As the cape isn't designed for stretch fabrics, there is a buttoned opening at the neck.  I chose some rather lovely buttons from The Stash Cupboard to add just a little pop of colour and detail to my (super chic) grey cape.  The method for creating the button tab on the cape was pretty nifty, and not a sequence of steps I have sewn before.  Once I got my head around it, I was impressed with how it was constructed and plan to come back to those steps to recreate this opening on other garments.


All up a great pattern and a pleasure to test.  Nichola was very responsive to questions and the instructions are a nice mix of detail when required (i.e. the bound buttonholes) without being overly verbose.

I am just about to head North to live in Sydney and am wondering whether a super light voile-type version of this might just be the go for a summer cover up.  I have ridiculously Scandinavian skin (viking heritage!) and so am always on the lookout for a floaty lovely cover up.  Am thinking this might be 100 times more flattering than a caftan type of thing, with the great belting and button neckline...thoughts?

Monday, June 16, 2014

Captain America Pyjamas

A very special young lady was in search of some super hero pyjamas.

Here is a truly terrible picture of the result :)

My kids wanted to photobomb :( Note I did not make the power rangers outfit...

The bottoms were the Alex and Anna Winter Pyjamas pattern without the cuff and the top was a Skinny Flashback Tee from Rae.

I cut the sleeve piece for the top in two at what seemed like the right point for the contrasting arms, then made two new pattern pieces from that single sleeve piece (you just have to add seam allowances on for when you sew it back together - it needs to end up back at the same size as the original piece would have been).  

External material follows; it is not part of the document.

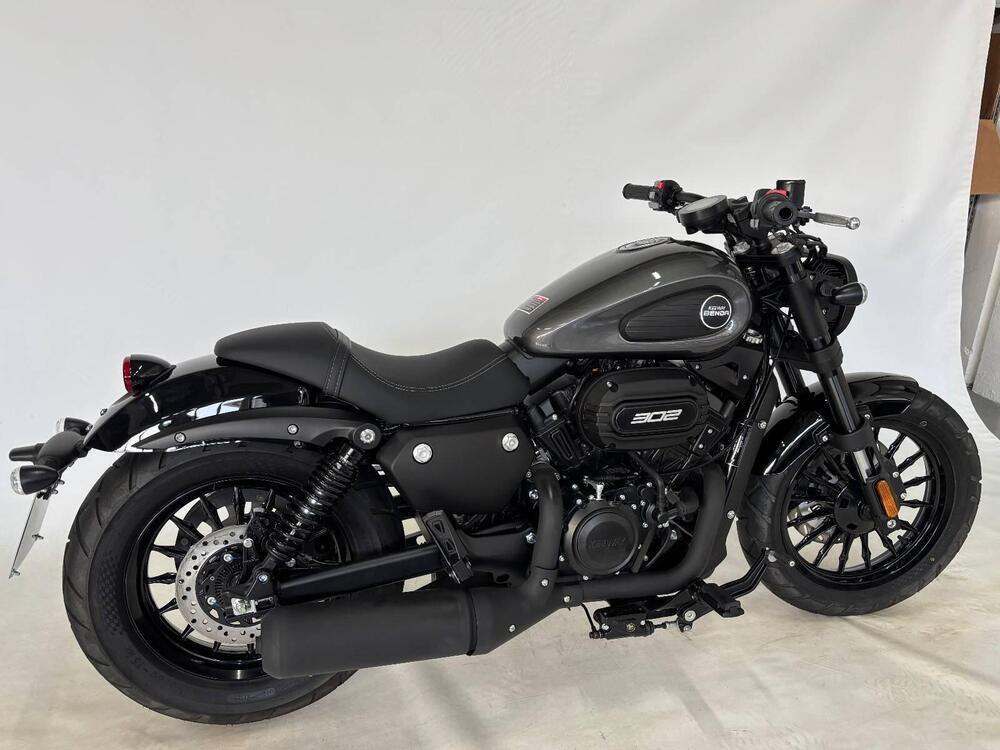 Benda Motorcycles BD-300 Sporty (2021 - 23) (4)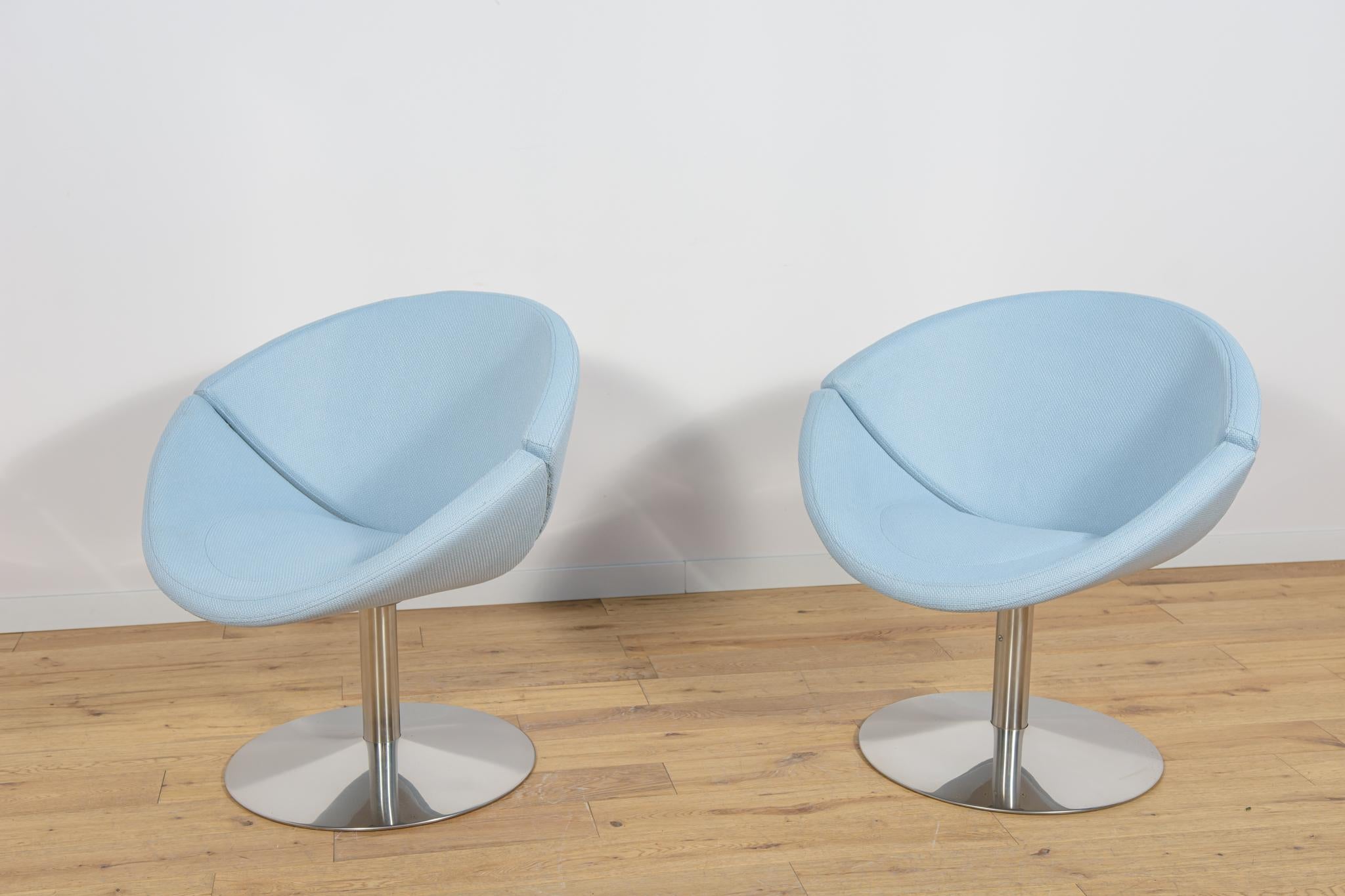 Woodwork Model EJ 96 „Apollo” Armchairs by Peter Hjort Lorentzen & Johannes Foersom . For Sale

I cut a star out of some wadding stuff I had left over (I think it was Annie's Soft and Stable, though I can't imagine it would matter awfully, as long as the stuff doesn't fray or shed fibres everywhere) and appliqued that onto the front with a zig zag around the edge.  

I then made the stripey curved front  piece to go on, and came up with the super (I thought!) clever idea to make that a kangaroo pocket instead of just piecing it on.  Hence I made two layers in that shape, sewed them together and then sewed that onto the top, leaving pocket hole gaps on either side of the main rise.

I also had ENORMOUS amounts of fun making a shield:


I discovered that my Bernina 1130 is as stupendously good as I thought it was, given it sewed nicely (ish) through multiple layers of wadding and cardboard.  Where the stitching in the above picture looks a bit crap, it's mostly due to my having to rush to finish this, as opposed to the machine not coping.  You will notice I rushed so much that I didn't even change from white thread to sew the layers.  Does that bug me?  Kind of.  Is it still a kick ass shield?  Totally.  Did the four year old girl care?  Not at all :)

I have discovered via this process and the making of the Incredibles dress-ups that I quite enjoy costume making, so I might do more of that for book days and the like in the future!